Prior to the release of Default AVM, she said, the problem with using AVMs for REO appraisal was that "most AVMs do not yet have a good way to take into account subject property conditions. Often at the REO stage the property does have condition problems -- maybe less than average condition." But cost remains the paramount factor driving AVM acceptance in REO management, Ms. McCann pointed out, because "one of the challenges that REO managers face, as well as folks that are working in the other parts of the default services side, is that, unlike valuations used on the origination side, the cost of valuation is borne by the servicer. It cannot be passed on to the borrower. So these folks are looking for the most cost effective valuations they can find."
REO properties can deteriorate fast, liquidating them quickly is the name of the game. That requires integrating the systems of all parties to the sales process. Since 2003 Fiserv, for example, has integrated the REO.com Offer Management System into the MortgageServ loan servicing platform. Los Angeles-based REO.com Inc. provides workflow products, management services, and property listings, boasting over $8 billion in real estate sales since 2002.

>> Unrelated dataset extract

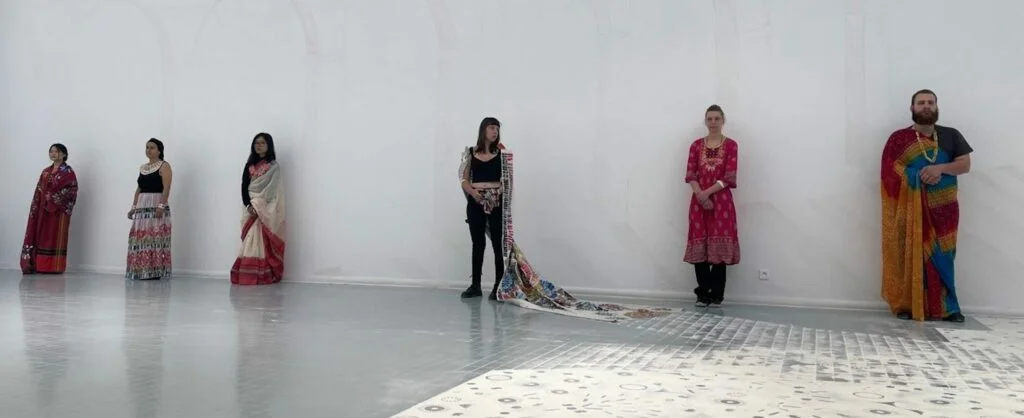 Textile sculpture made from cut beverage cans assembled like a sparkling garment, tribute to Bangladeshi women garment workers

Size matters in assembling all the resources needed to handle REO with maximum efficiency, said Mr. Neel: "Fidelity Information Services has a huge budget and investment in technology. They've spent all this effort and expertise developing these solutions, so it's obvious that lenders large and small will benefit greatly. If I'm a large volume client, I get the offset a whole lot of cost to a company that can invest in the technology and expertise. If I'm a small client that handles a few hundred REO, I don't have any economies of scale. So outsourcing to somebody like us gives them tremendous lift."

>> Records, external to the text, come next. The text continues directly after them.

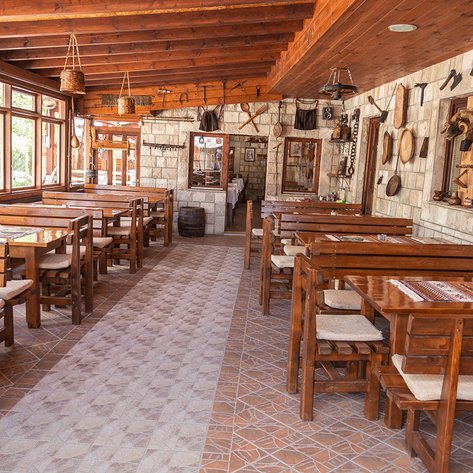 Ein rustikales Restaurant mit Holztischen und Stühlen, umgeben von Steinwänden und großen Fenstern, die Tageslicht hereinlassen.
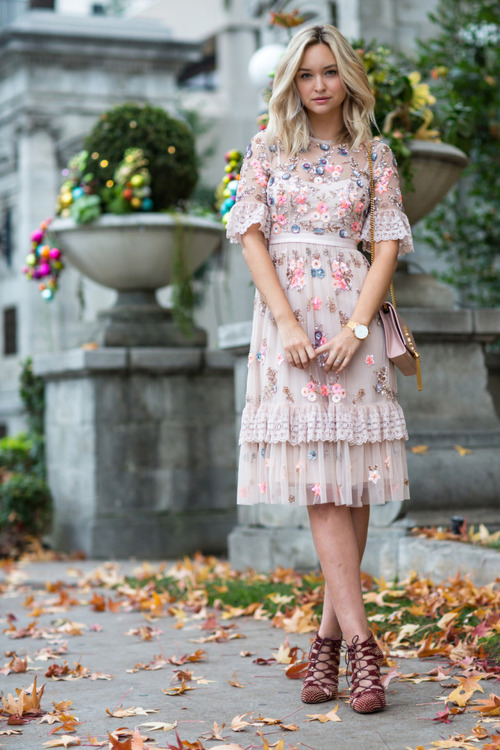 Liz wearing  Floral embroidered by Needle & Thread IG: LateAfternoon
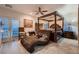 Bedroom with ceiling fan, a plush chaise lounge, and French doors leading to a balcony at 6750 Quapaw St, Las Vegas, NV 89149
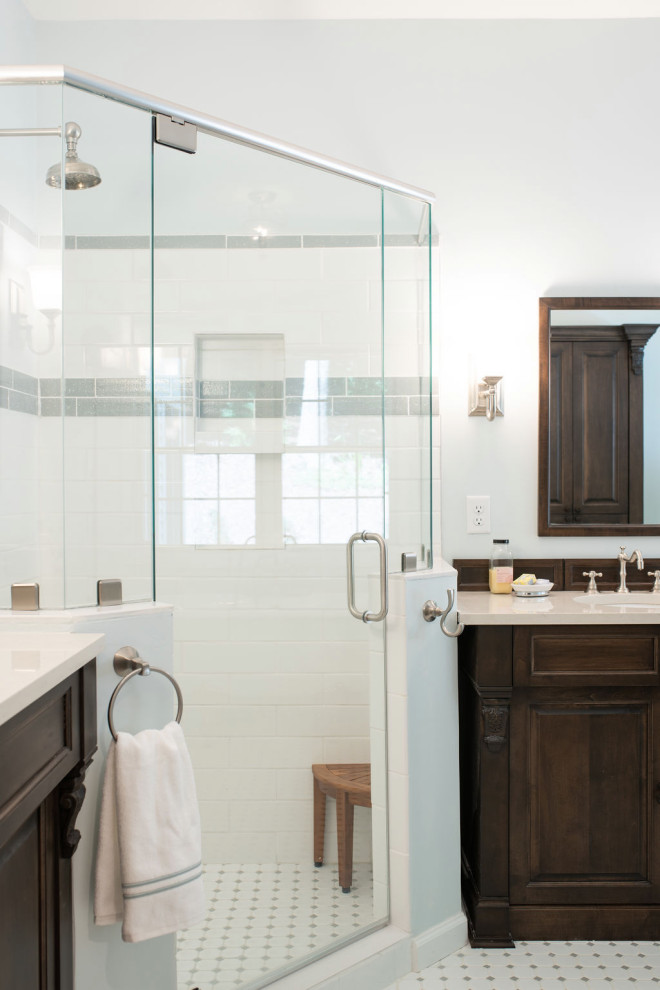 Photo of a large traditional master bathroom in Charlotte with recessed-panel cabinets, dark wood cabinets, a claw-foot tub, a corner shower, a two-piece toilet, white tile, subway tile, blue walls, porcelain floors, an undermount sink, engineered quartz benchtops, multi-coloured floor, a hinged shower door, white benchtops, an enclosed toilet, a single vanity and a freestanding vanity.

In March, 2005, FNAMS launched its Offer Mangement System, which automates the back-and-forth between brokers and lenders, automatically notifying brokers and agents when there is a response to their offer. Mr. Neel said that next year FNAMS will release an REO module to NewTrack, the default solution offered by sister company Fidelity National Default Solutions. "I'd say between 30% and 40% of foreclosures and bankruptcies in the country are managed on [the NewTrack] system today," he said.
Mr. Raghavan also stresses that larger vendors have the advantage in REO technology: "Of the 1200+ people that we have, a good chunk of them have deep expertise in providing IT services and developing systems in the mortgage industry. So there's a lot of domain understanding that we have brought into the development of applications, such as the default management and REO applications. And when we say we make these capabilities available to the marketplace, that usually means we already have some underlying technology components -- I tend to call it 'the plumbing' -- that you need to develop a default management and REO solution." Tavant is one company bringing modular design and service-oriented architecture to create the messaging architecture and workflow management to bringing REO services to bear with the speed needed to handle REO transactions quickly.